Speaker
Description
Measurement of 222Rn activity in water is important in many fields such as dosimetry, radiation protection, geology and volcanology. Various methods were developed to measure radon-in-water, namely: emanometry, gamma–ray spectrometry (GS), liquid scintillation counting (LSC) and track-etch techniques. Despite the importance of these measurement techniques, their long history and wide scale application, no primary standard for radon-in-water concentration currently exists. This impedes the establishment of a traceability chain for the radon-in-water measurements to a primary 222Rn standard as the calibrations are often performed usingother nuclides (e.g. 226Ra standards), which can introduce problems in certain cases.
The objective of this work is to fill this gap by developing a laboratory system for 222Rn-in-water standardization. We designed and constructed a dedicated instrumentation, which allows 100% transfer of 222Rn from the primary 222Rn standard (defined solid angle method, DSA), mixing of the transferred radon with water and preparation of radon-in-water samples with traceable radon activity concentration. The system allows preparing GS and LSC radon-in-water samples thus enabling the establishment of a traceability chain to the DSA standard.

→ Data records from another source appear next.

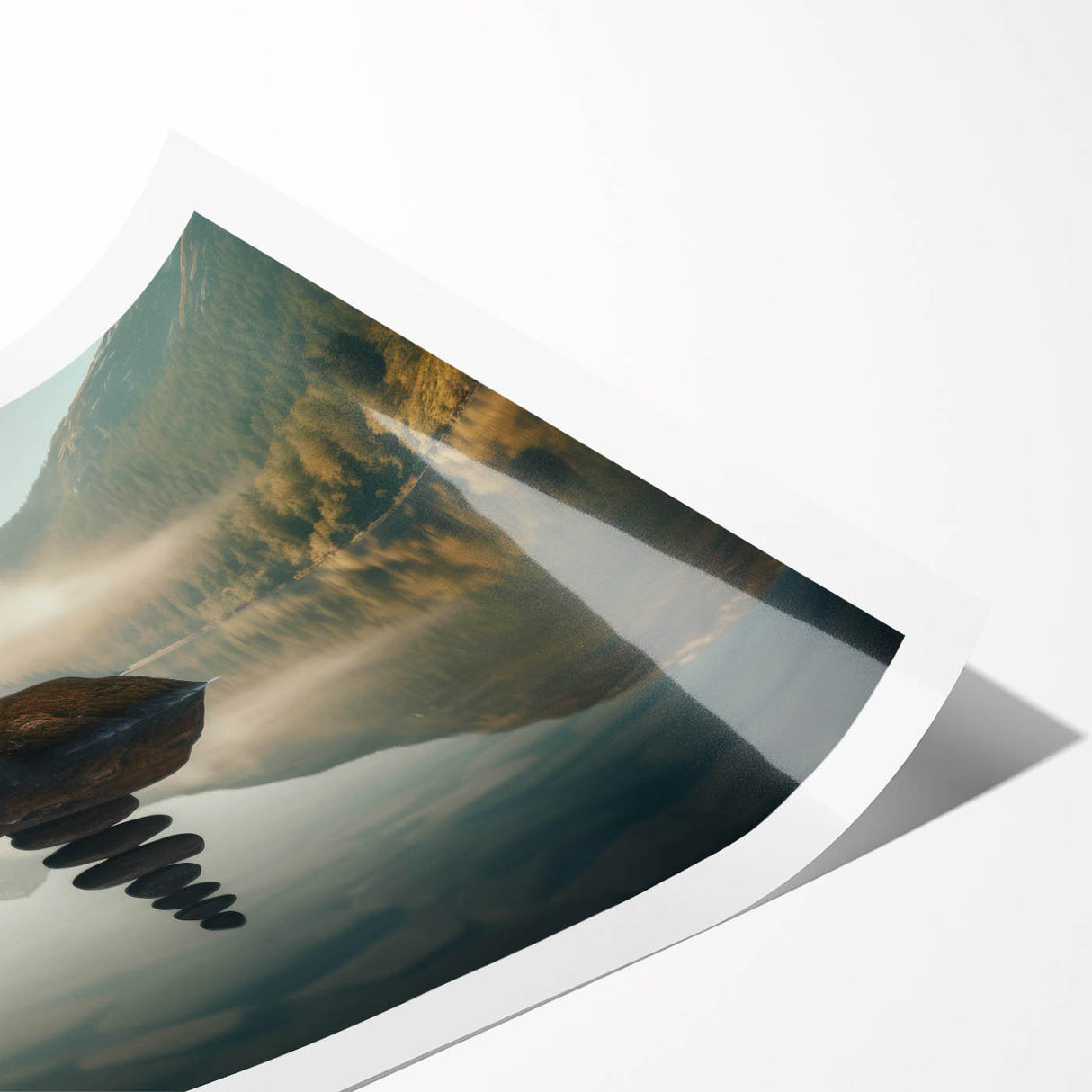 Lakeside landscape wall art print showcasing vibrant colors and serene water reflections, rolled for easy shipping and display in any home decor setting.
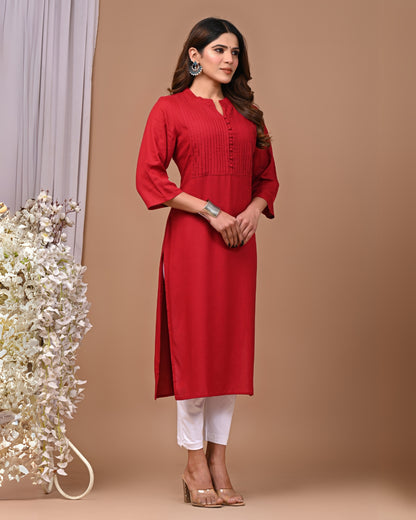 RimeLine Maroon Mandarin neck kurti for women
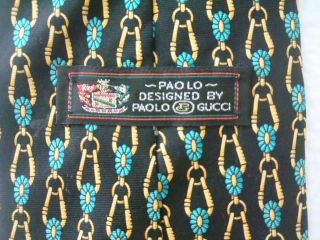 Gucci Paolo Designer Horsebit Print Black Turquoise Gold Necktie Suit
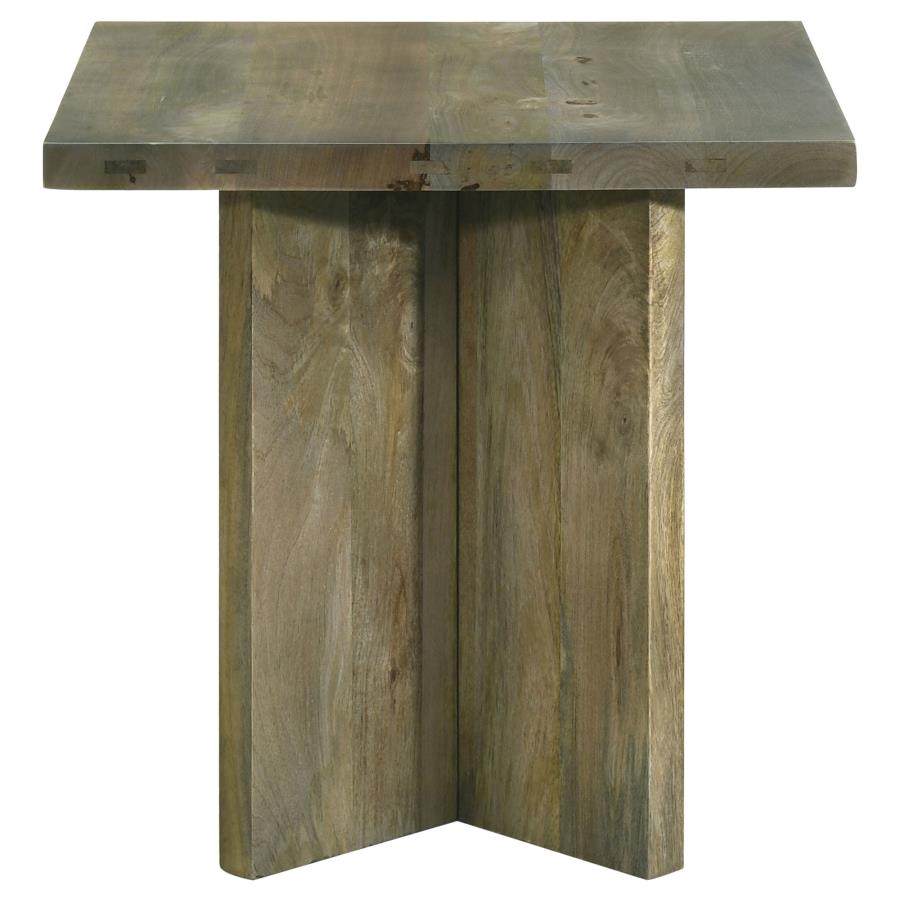 (image for) Andando Square Solid Wood End Table Mango Brown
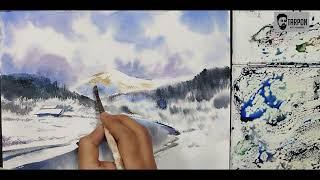 winter mountain watercolor painting tutorial || winter mountain easy watercolor painting tutorial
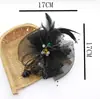 Atrapasueños de Plumas de Perla Europeas y Americanas Hecho a Mano Pasador de Peinado para Actuación Nupcial Sombrero de Copa de Malla Retro Tocado 1237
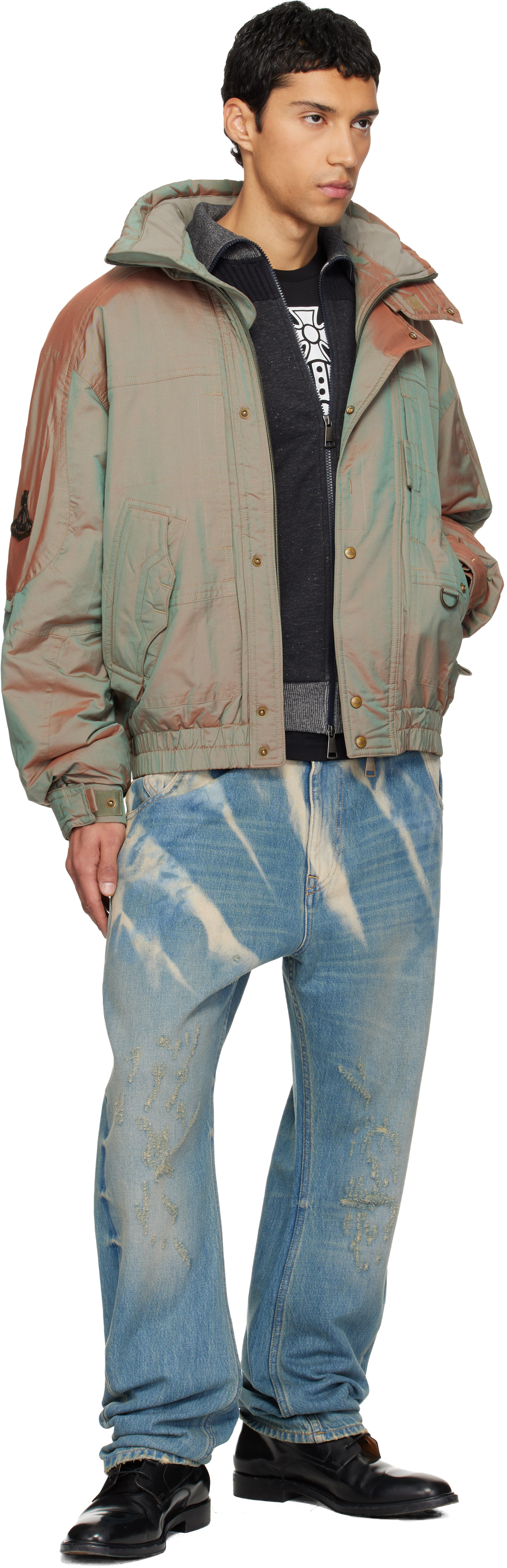 Vivienne Westwood Nevada Bomber Cangiante Gabardine Sage-green 52 Men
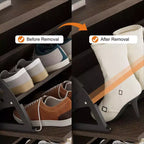 Meuble à chaussures cannelé avec 3 tiroirs basculants, meuble de rangement étroit en bois avec étagères réglables et amovibles, meuble à chaussures fin sur pied.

The concept of the system is based on the cryogenic transfer of 222Rn from the DSA standard to water under controlled conditions, homogenization of 222Rn in water and 222Rn-loss-free simultaneous preparation of up to six 100 ml samples for GS and up to ten 10 ml samples for LSC. During the first repeatability tests, we obtained a relative standard deviation of 0.25% on the activity concentration of the 10 LSC samples prepared. We also achieved qualitative transfer of the water to LSC cocktail with 0.25% relative standard deviation of the mass of water transferred to the LSC samples, which was evaluated by repetitive sampling tests with radon-free water. A good agreement between the calculated activity concentration (based on the DSA activity and volume measurements) and the GS and LSC sample measurements is obtained within the estimated uncertainties. The results of the proof-of-concept experiments show that we can produce 222Rn-in-water with standard uncertainty of the activity concentration better than 1% and traceable GS and LSC sources with similar standard relative uncertainty.
We will discuss the concept and design of the system, its performance in pilot tests and the obtained results. We will also address the new possibilities of this system for radon metrology, especially the possibility to compare three different 222Rn measurement techniques: DSA, LSC and GS.